Task instructions →
Please restate the listing word for word, omitting the images.

Data →
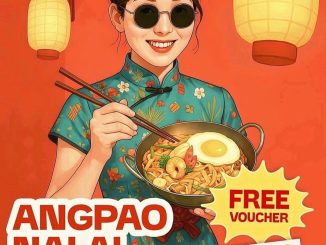 Promo Quali Angpao Free Voucher Rp. 25.000 min transaksi Rp. 200.000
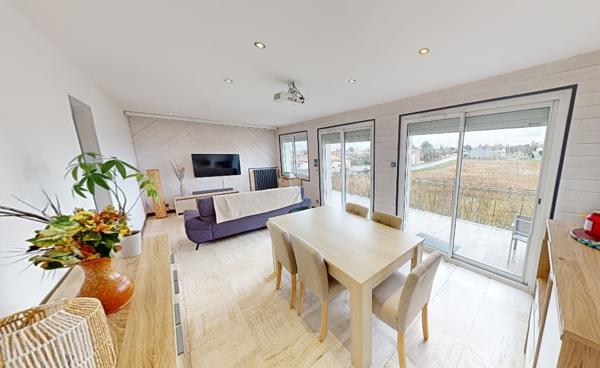 Maison 4 chambres Jaunay-Marigny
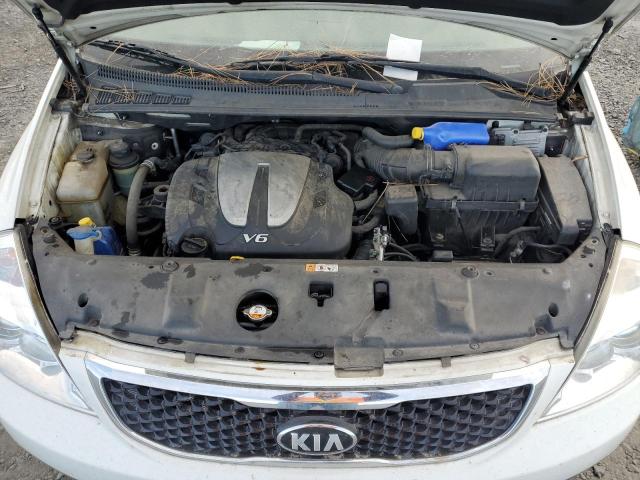 VIN KNDMH4C72E6579104 2014 KIA Sedona, EX no.12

Exercise result →
 Promo Quali Angpao Free Voucher Rp. 25.000 min transaksi Rp. 200.000
 Maison 4 chambres Jaunay-Marigny
 VIN KNDMH4C72E6579104 2014 KIA Sedona, EX no.12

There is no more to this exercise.